Advocates for tougher gun control made their voices heard loud and clear this weekend when tens of thousands gathered across Minnesota as part of nationwide protests.
The March For Our Lives has been spearheaded by young people sparked into action by February’s shooting at Marjorie Stoneman Douglas High School in Parkland, Florida, which left 17 dead.
Reverend Nancy Bence is the executive director Protect Minnesota, a group that advocates for gun safety. She says the tragedy finally pushed a lot of people into action.
“I think this last shooting somehow stepped on that nerve in America that needs to be stepped on to get regular, reasonable people who maybe haven’t gotten involved, involved,” she explains.
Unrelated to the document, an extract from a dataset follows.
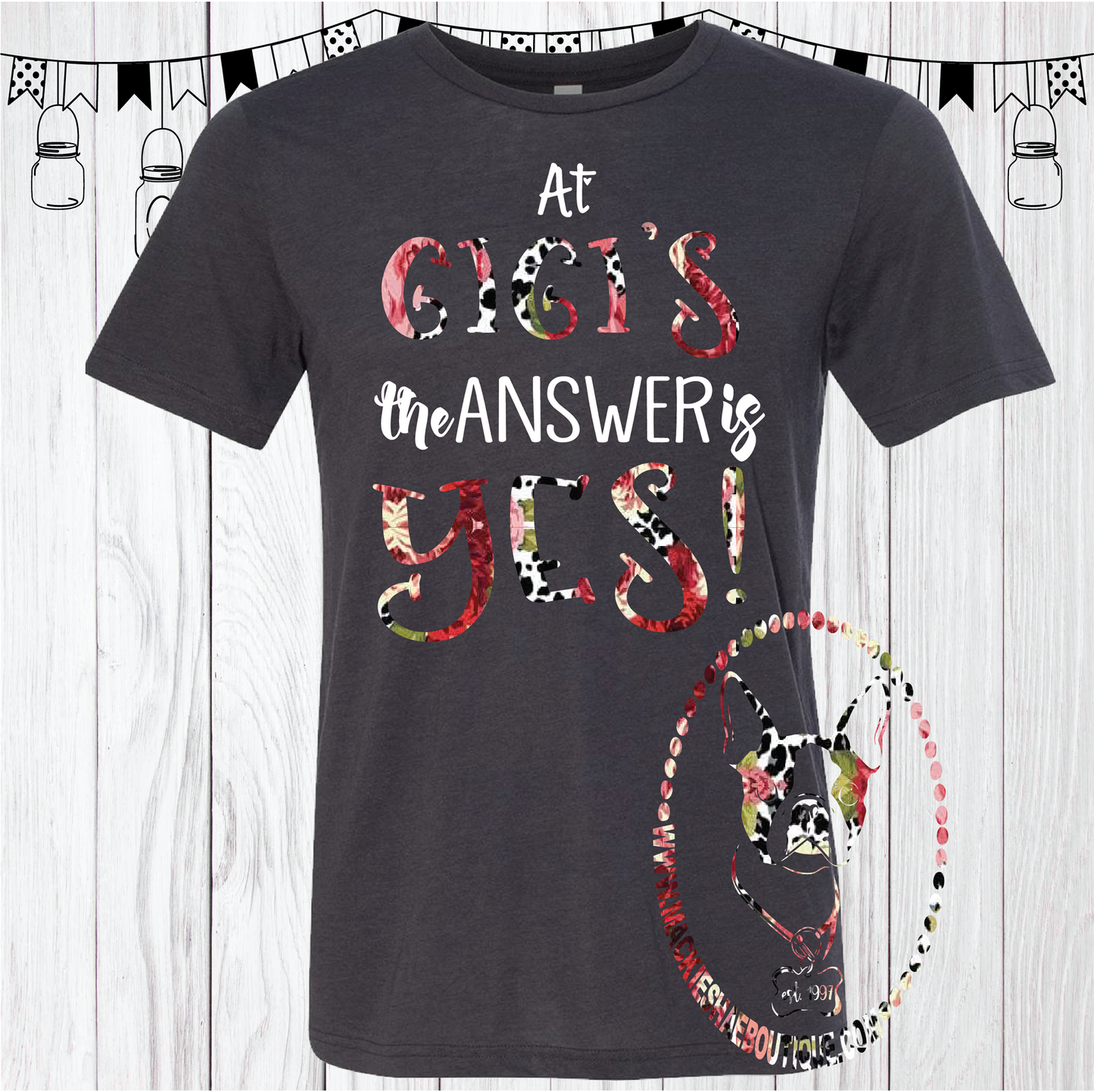 At Gigi's The Answer is YES! Custom Shirt, Short Sleeve (Gigi can be changed)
There were at least 13 marches in Minnesota on Saturday, and Gov. Mark Dayton even declared it ‘March For Our Lives Day.’
No Legislative Progress – Yet
Yet Reverend Bence points out that most gun-control measures have made no headway in the GOP-controlled Minnesota Legislature – including Senate File 1261, which would require background checks for private gun sales and transfers.
“Every single student and adult in this country is asking for universal criminal background checks, which of course that bill has stalled at our Legislature,” she laments.
Still, Bence – whose organization led one of a number of student bus trips from Minnesota to Washington, D.C., for the main March For Our Lives event – says she is thankful for the progress that students have made in such a short time.
“We applaud the students, we are in awe of the students who have in a matter of weeks done what those of us who’ve been in gun violence prevention for a long time have not managed to do,” she says.
Bence believes there is hope for passage of meaningful gun-law reform in Minnesota and calls the legislative schedule “arbitrary.”